Down with fun: The depressing vogue for having fun at work - v4us
http://www.economist.com/node/17035923

======
blhack
The problem is that you have to allow people to have fun on their own, not
force them to.

It's the same as when I was 10 years old and my mom told me that I had to
clean my room; I wanted me room clean, I didn't like it that there was no
space on the floor to play, but as soon as she told me that I _had_ to do it,
it became a chore and I didn't want to anymore.

At my current job, a major part of my responsibility is coming up with
advertisements (The marketing goons joke that I made the "mistake" of speaking
up a couple of years ago that I do graphic design as a hobby). The best things
I've ever come up with, and the things that they have liked the best, have
been done when I've been sortof joking around in my DTP software. Some of the
best stuff started off as a joke.

Contrast this with telling me that I _must_ have something done by the end of
the day _or else_. This stuff almost _never_ comes out looking good.

Companies should let adults be adults. If I want to keep a minifridge full of
beer under my desk, but I keep it under control and my job continues to get
done, then why not?

That is one thing that, largely, my company has gotten right.

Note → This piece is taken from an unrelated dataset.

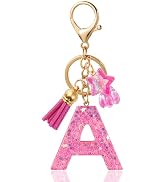 ANHBKAR Resin Alphabet Initial Letter Keychain with Star Pendant and Tassel - Cute Bag Charm for ...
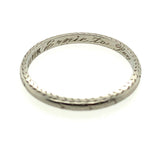 18k White Gold Band Ring with Chevron Edge Engraved Dated 1925 Size 5.5 (#J5901)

I have the
freedom to work pretty much anywhere in the office that I want. If I decide to
sit out in the cubicle farm and mingle with the accounting people, I can. If I
want to take my laptop up stairs and sit in the storage room, I can do that
too.

I just wish that they would see the correlation between "letting Ryan work
where and how he is comfortable" and "things are getting done and we are
loving them".

How is this related to TFA? You have to let things happen organically. You
can't tell people that they're having fun, you have to let them do it on their
own. You can't tell me to "just get creative", you have to let me do it on my
own.